▶ [Supplied information]:
- - - - -

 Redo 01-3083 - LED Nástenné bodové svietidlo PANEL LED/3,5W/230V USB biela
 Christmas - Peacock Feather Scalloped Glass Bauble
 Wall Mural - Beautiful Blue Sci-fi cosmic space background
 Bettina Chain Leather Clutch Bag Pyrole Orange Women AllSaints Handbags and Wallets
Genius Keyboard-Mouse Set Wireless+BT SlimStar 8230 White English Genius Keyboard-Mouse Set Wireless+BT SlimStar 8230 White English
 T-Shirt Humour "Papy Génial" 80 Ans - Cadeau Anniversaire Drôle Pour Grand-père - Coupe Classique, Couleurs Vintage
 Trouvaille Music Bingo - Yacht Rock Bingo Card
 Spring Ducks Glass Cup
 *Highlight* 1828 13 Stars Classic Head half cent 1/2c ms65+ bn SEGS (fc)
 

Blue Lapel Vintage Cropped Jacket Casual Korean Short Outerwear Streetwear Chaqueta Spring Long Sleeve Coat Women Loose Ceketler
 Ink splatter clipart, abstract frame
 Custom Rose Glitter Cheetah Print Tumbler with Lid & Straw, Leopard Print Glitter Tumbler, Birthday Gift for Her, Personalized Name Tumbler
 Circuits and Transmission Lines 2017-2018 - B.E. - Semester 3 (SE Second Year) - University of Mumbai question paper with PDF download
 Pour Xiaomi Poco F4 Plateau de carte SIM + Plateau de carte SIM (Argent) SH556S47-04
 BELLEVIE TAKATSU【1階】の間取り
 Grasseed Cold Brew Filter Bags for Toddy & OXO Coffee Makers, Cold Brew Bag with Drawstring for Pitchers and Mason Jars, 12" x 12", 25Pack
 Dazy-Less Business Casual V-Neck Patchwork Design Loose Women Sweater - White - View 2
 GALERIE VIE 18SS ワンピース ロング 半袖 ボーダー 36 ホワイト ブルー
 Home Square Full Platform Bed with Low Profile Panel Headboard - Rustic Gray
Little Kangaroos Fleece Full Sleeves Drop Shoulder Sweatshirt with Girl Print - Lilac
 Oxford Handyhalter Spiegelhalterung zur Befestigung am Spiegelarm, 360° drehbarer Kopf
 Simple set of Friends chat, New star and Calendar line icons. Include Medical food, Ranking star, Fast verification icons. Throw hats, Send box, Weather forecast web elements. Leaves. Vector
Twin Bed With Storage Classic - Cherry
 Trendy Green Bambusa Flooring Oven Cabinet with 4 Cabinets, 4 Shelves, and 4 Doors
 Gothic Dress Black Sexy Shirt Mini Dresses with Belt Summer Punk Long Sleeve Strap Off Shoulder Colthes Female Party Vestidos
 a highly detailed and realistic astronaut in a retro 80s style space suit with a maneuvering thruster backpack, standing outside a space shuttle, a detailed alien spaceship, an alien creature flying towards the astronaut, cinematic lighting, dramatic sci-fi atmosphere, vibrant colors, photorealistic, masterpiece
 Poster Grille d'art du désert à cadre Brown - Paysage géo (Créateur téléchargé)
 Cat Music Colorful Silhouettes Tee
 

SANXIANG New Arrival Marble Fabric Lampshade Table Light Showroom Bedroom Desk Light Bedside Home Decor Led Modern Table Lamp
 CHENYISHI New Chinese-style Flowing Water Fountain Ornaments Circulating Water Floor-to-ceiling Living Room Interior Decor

- - - - -

▶ [What you will do]: Print out the whole listing exactly as it appears.

▶ [Result for this task]:
 Redo 01-3083 - LED Nástenné bodové svietidlo PANEL LED/3,5W/230V USB biela
 Christmas - Peacock Feather Scalloped Glass Bauble
 Wall Mural - Beautiful Blue Sci-fi cosmic space background
 Bettina Chain Leather Clutch Bag Pyrole Orange Women AllSaints Handbags and Wallets
Genius Keyboard-Mouse Set Wireless+BT SlimStar 8230 White English Genius Keyboard-Mouse Set Wireless+BT SlimStar 8230 White English
 T-Shirt Humour "Papy Génial" 80 Ans - Cadeau Anniversaire Drôle Pour Grand-père - Coupe Classique, Couleurs Vintage
 Trouvaille Music Bingo - Yacht Rock Bingo Card
 Spring Ducks Glass Cup
 *Highlight* 1828 13 Stars Classic Head half cent 1/2c ms65+ bn SEGS (fc)
 

Blue Lapel Vintage Cropped Jacket Casual Korean Short Outerwear Streetwear Chaqueta Spring Long Sleeve Coat Women Loose Ceketler
 Ink splatter clipart, abstract frame
 Custom Rose Glitter Cheetah Print Tumbler with Lid & Straw, Leopard Print Glitter Tumbler, Birthday Gift for Her, Personalized Name Tumbler
 Circuits and Transmission Lines 2017-2018 - B.E. - Semester 3 (SE Second Year) - University of Mumbai question paper with PDF download
 Pour Xiaomi Poco F4 Plateau de carte SIM + Plateau de carte SIM (Argent) SH556S47-04
 BELLEVIE TAKATSU【1階】の間取り
 Grasseed Cold Brew Filter Bags for Toddy & OXO Coffee Makers, Cold Brew Bag with Drawstring for Pitchers and Mason Jars, 12" x 12", 25Pack
 Dazy-Less Business Casual V-Neck Patchwork Design Loose Women Sweater - White - View 2
 GALERIE VIE 18SS ワンピース ロング 半袖 ボーダー 36 ホワイト ブルー
 Home Square Full Platform Bed with Low Profile Panel Headboard - Rustic Gray
Little Kangaroos Fleece Full Sleeves Drop Shoulder Sweatshirt with Girl Print - Lilac
 Oxford Handyhalter Spiegelhalterung zur Befestigung am Spiegelarm, 360° drehbarer Kopf
 Simple set of Friends chat, New star and Calendar line icons. Include Medical food, Ranking star, Fast verification icons. Throw hats, Send box, Weather forecast web elements. Leaves. Vector
Twin Bed With Storage Classic - Cherry
 Trendy Green Bambusa Flooring Oven Cabinet with 4 Cabinets, 4 Shelves, and 4 Doors
 Gothic Dress Black Sexy Shirt Mini Dresses with Belt Summer Punk Long Sleeve Strap Off Shoulder Colthes Female Party Vestidos
 a highly detailed and realistic astronaut in a retro 80s style space suit with a maneuvering thruster backpack, standing outside a space shuttle, a detailed alien spaceship, an alien creature flying towards the astronaut, cinematic lighting, dramatic sci-fi atmosphere, vibrant colors, photorealistic, masterpiece
 Poster Grille d'art du désert à cadre Brown - Paysage géo (Créateur téléchargé)
 Cat Music Colorful Silhouettes Tee
 

SANXIANG New Arrival Marble Fabric Lampshade Table Light Showroom Bedroom Desk Light Bedside Home Decor Led Modern Table Lamp
 CHENYISHI New Chinese-style Flowing Water Fountain Ornaments Circulating Water Floor-to-ceiling Living Room Interior Decor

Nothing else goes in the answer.